Working data:
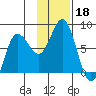 Northwest Arm tide chart for Monday, November 18, 2024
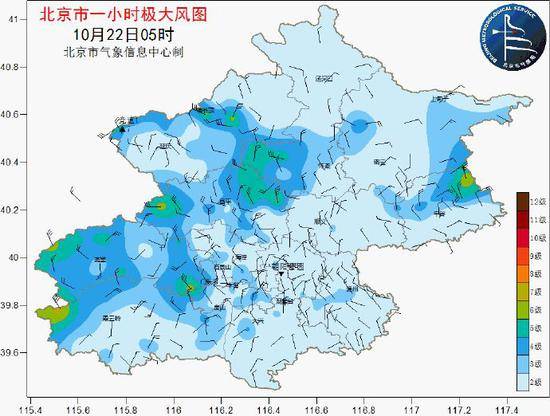 北京再发蓝警，“咆哮”继续！最低温降至3℃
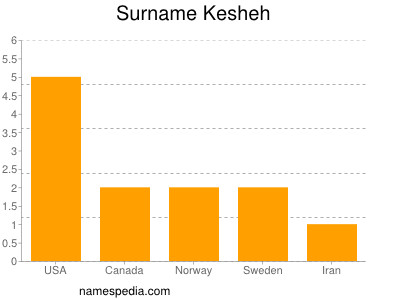Surname Kesheh
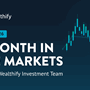 A title card that says 'a Month in the Markets: March 2026' 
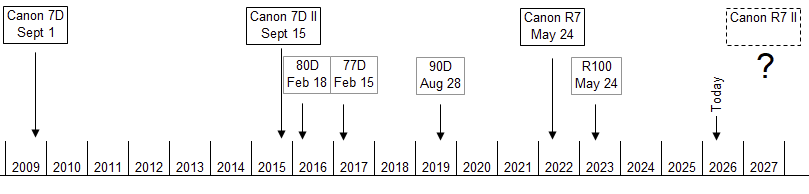 1777498968687.png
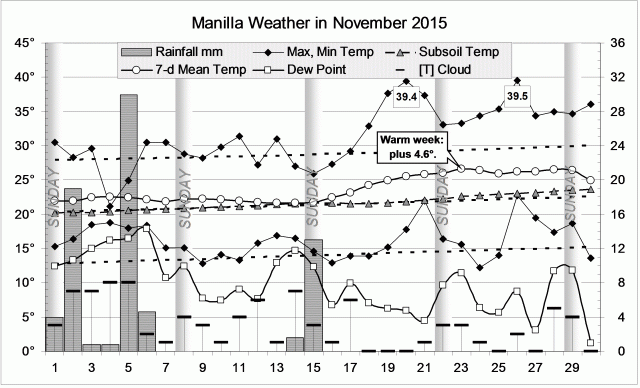 Weather log November 2015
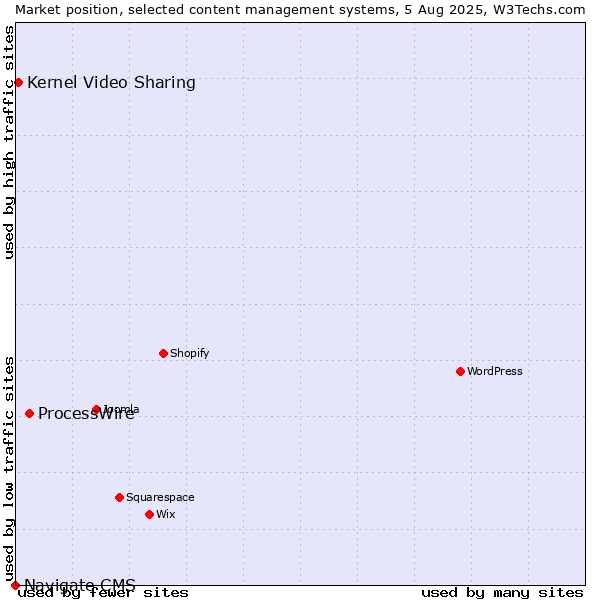 Market position of ProcessWire vs. Kernel Video Sharing vs. Navigate CMS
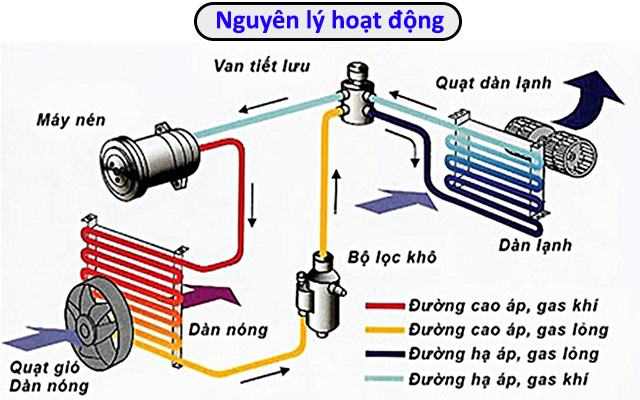 Nguyên lý hoạt động của điều hòa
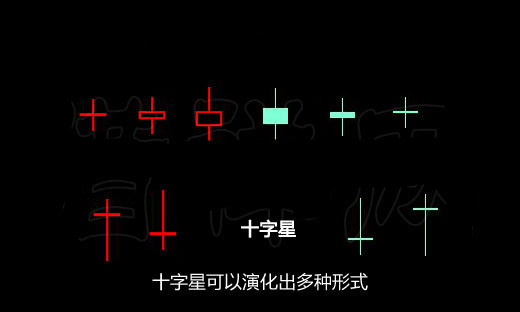 干货！各种十字星形态 学会高抛低吸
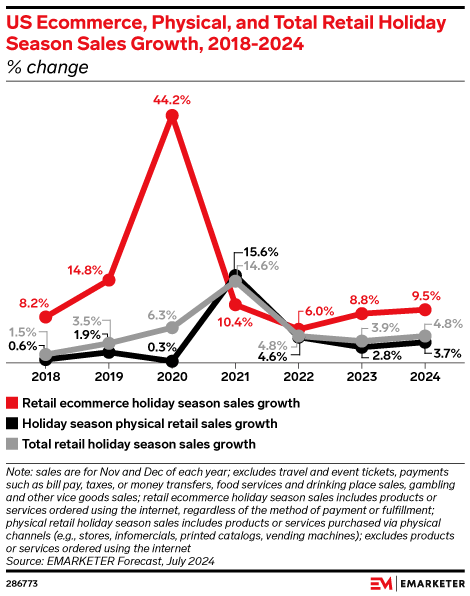 Is It Normal for Online Sales to Be Slow in August 2024?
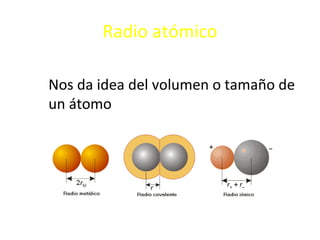 Radio atómico

Nos da idea del volumen o tamaño de
un átomo
 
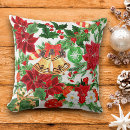 Search for christmas bells cushions Pattern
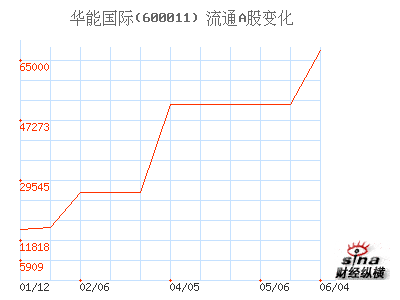 华能国际(600011)_流通A股_股本结构_公司资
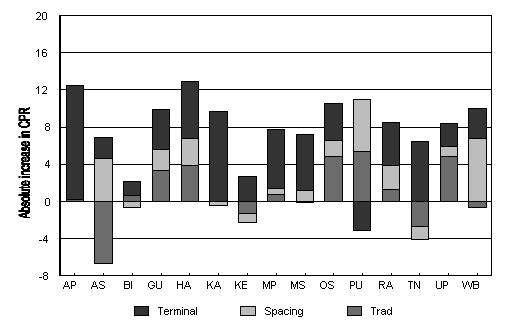 Figure 9: Contribution of change in prevalence of terminal methods, spacing methods and traditional methods of
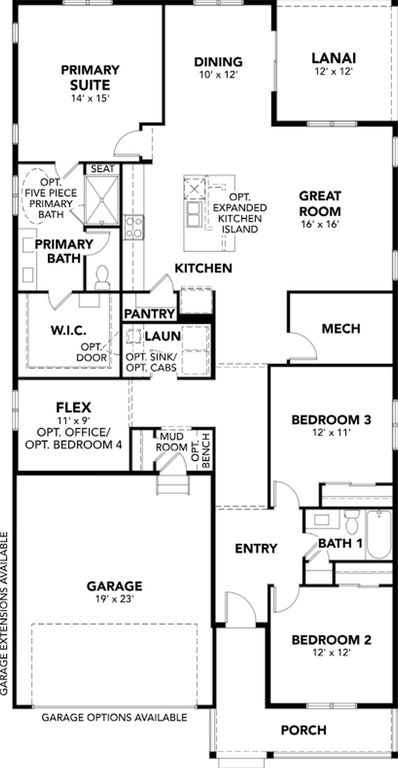 Charleston Plan, Trevenna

What the exercise asks:
Write out the listing again word for word, but without its pictures.

Solution for this task:
 Northwest Arm tide chart for Monday, November 18, 2024
 北京再发蓝警，“咆哮”继续！最低温降至3℃
Surname Kesheh
 A title card that says 'a Month in the Markets: March 2026' 
 1777498968687.png
 Weather log November 2015
 Market position of ProcessWire vs. Kernel Video Sharing vs. Navigate CMS
 Nguyên lý hoạt động của điều hòa
 干货！各种十字星形态 学会高抛低吸
 Is It Normal for Online Sales to Be Slow in August 2024?
 Radio atómico

Nos da idea del volumen o tamaño de
un átomo
 
 Search for christmas bells cushions Pattern
 华能国际(600011)_流通A股_股本结构_公司资
 Figure 9: Contribution of change in prevalence of terminal methods, spacing methods and traditional methods of
 Charleston Plan, Trevenna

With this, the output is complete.